*TASK TO COMPLETE*
Write out all the data verbatim. Skip images.
Segment Start: DATA SHOWN
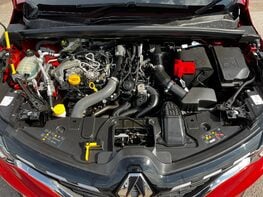 Renault Captur ICONIC TCE 7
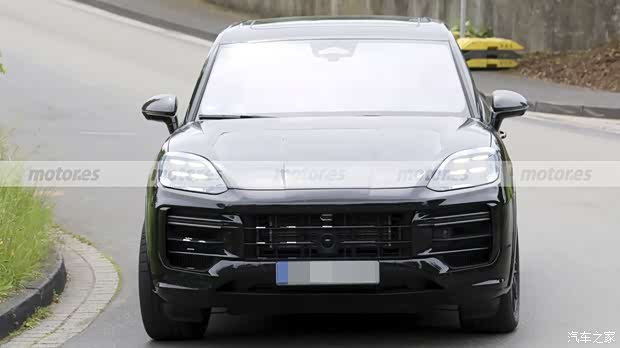 2027年发布 动力将再升级 新款保时捷Cayenne Turbo E-Hybrid曝光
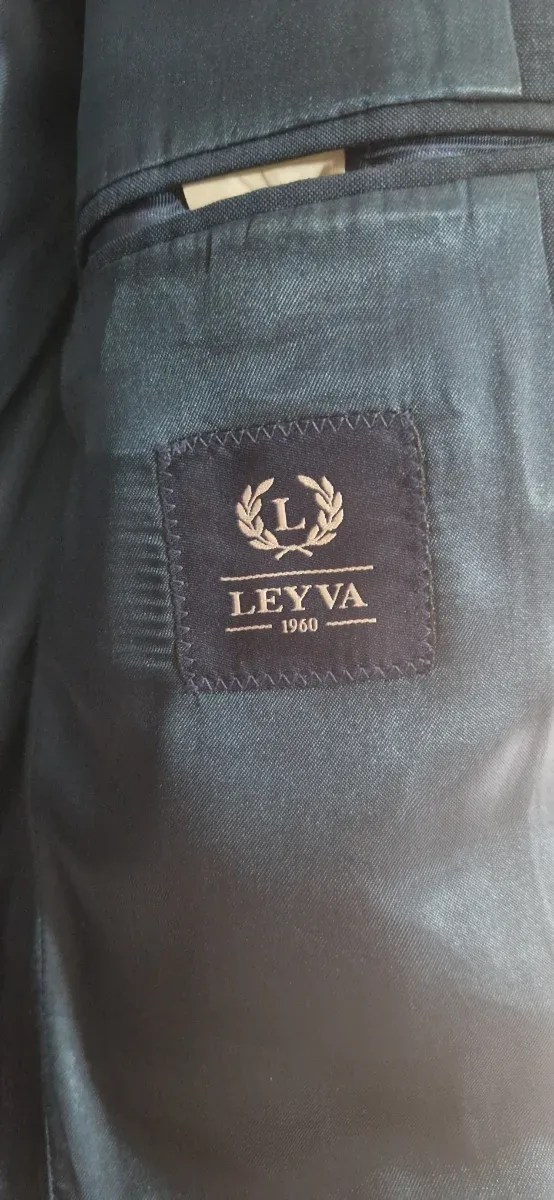 Traje azul de vestir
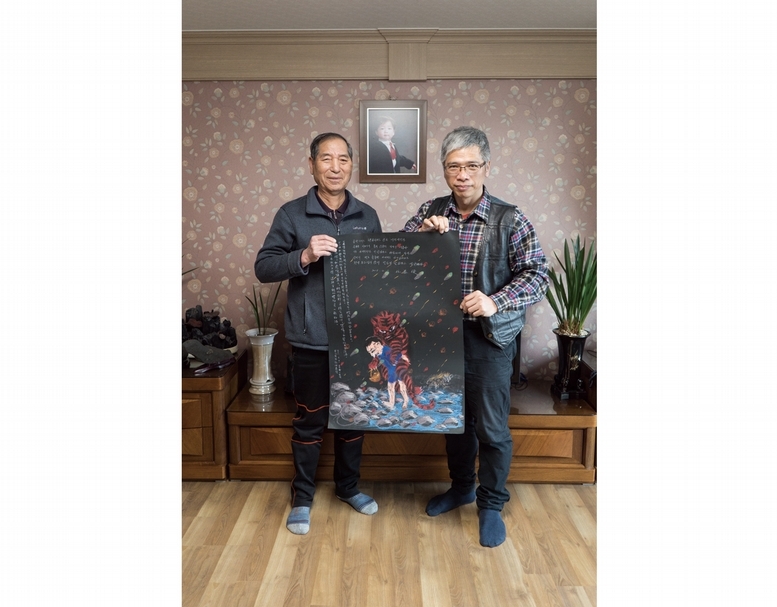侯俊明（右）2018年受立方邀請於首爾駐地，創作〈亞洲人的父親（首爾篇）〉，作品於「現實秘境」國際展中展出。（侯俊明提供）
Segment End: DATA SHOWN
*TASK ANSWER*
 Renault Captur ICONIC TCE 7
 2027年发布 动力将再升级 新款保时捷Cayenne Turbo E-Hybrid曝光
 Traje azul de vestir
侯俊明（右）2018年受立方邀請於首爾駐地，創作〈亞洲人的父親（首爾篇）〉，作品於「現實秘境」國際展中展出。（侯俊明提供）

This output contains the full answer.